## DATA SUPPLIED
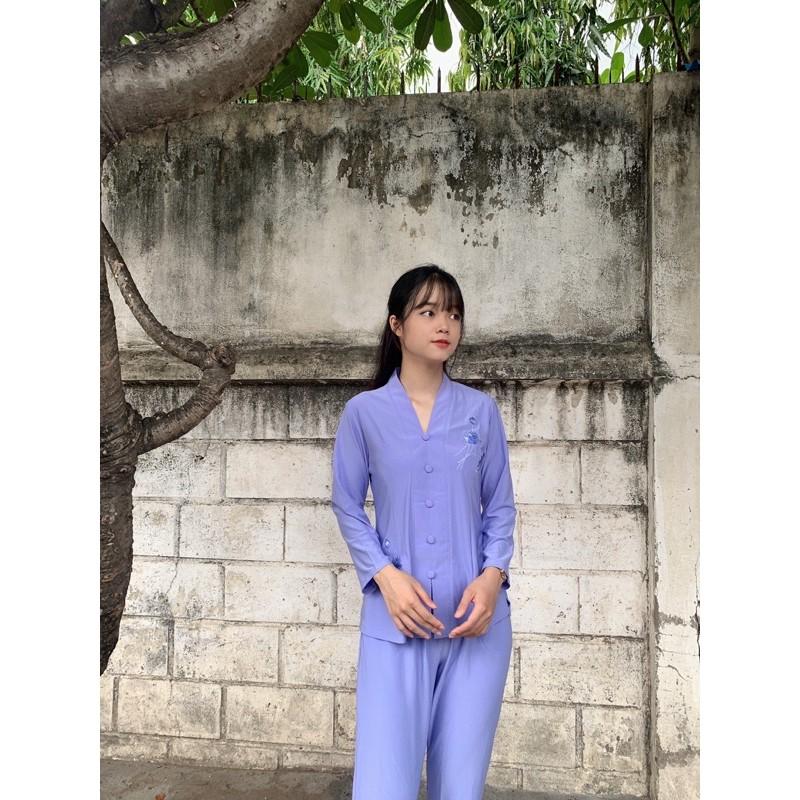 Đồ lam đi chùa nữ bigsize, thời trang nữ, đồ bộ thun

==

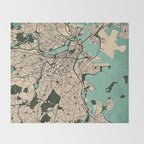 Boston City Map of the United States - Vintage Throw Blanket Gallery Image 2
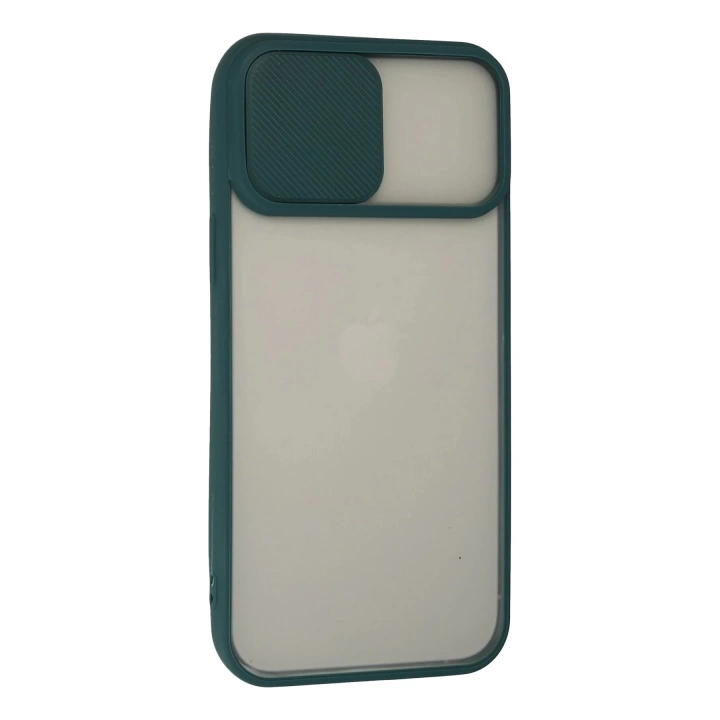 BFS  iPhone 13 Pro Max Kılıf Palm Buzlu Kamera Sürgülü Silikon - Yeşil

--

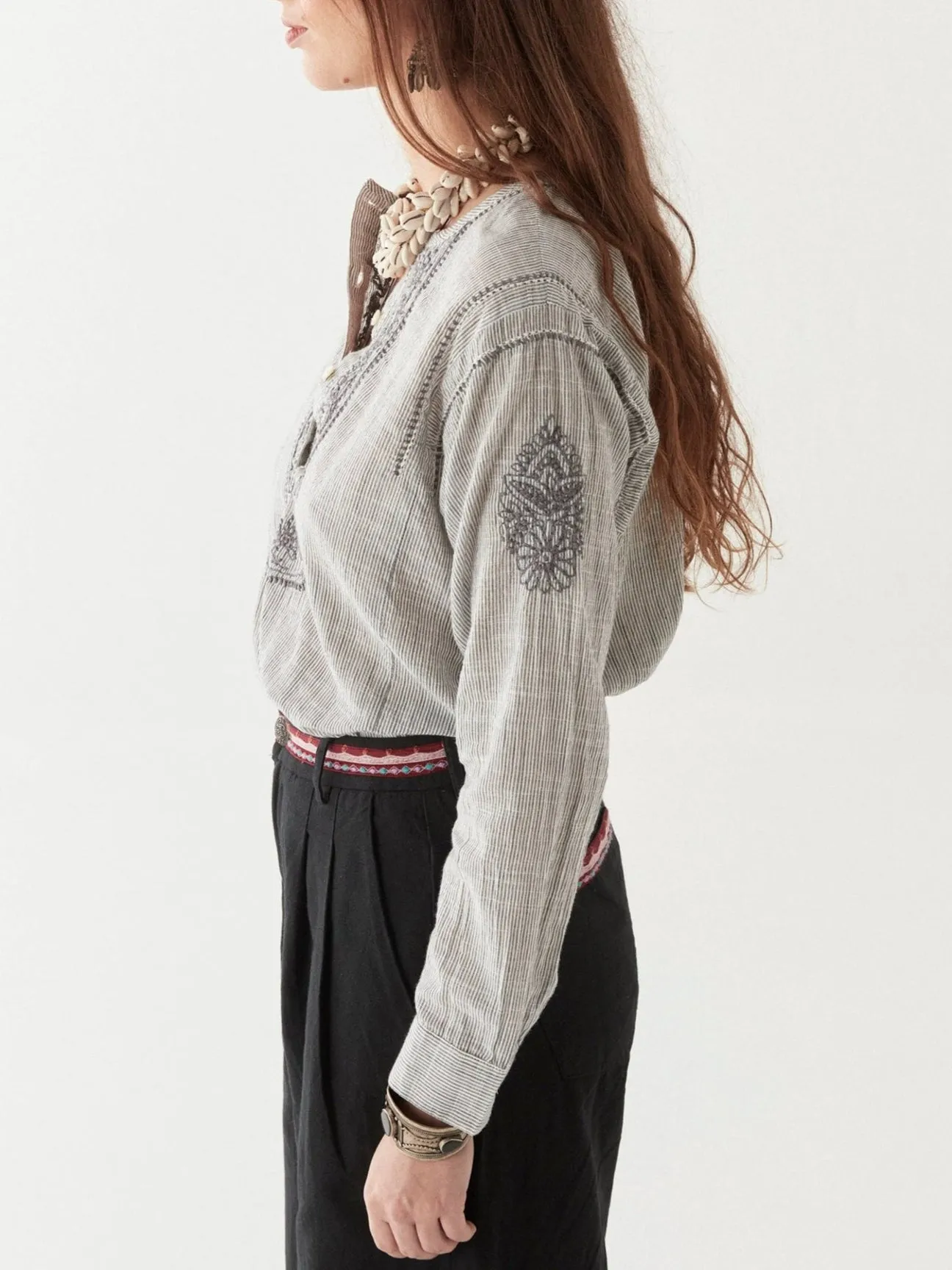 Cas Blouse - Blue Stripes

## REQUIRED ACTION
What's needed is an exact copy of the lines above from the one with "Boston City Map" through the one with "Silikon - Yeşil", both included; the pictures stay out.

## OUTPUT
 Boston City Map of the United States - Vintage Throw Blanket Gallery Image 2
 BFS  iPhone 13 Pro Max Kılıf Palm Buzlu Kamera Sürgülü Silikon - Yeşil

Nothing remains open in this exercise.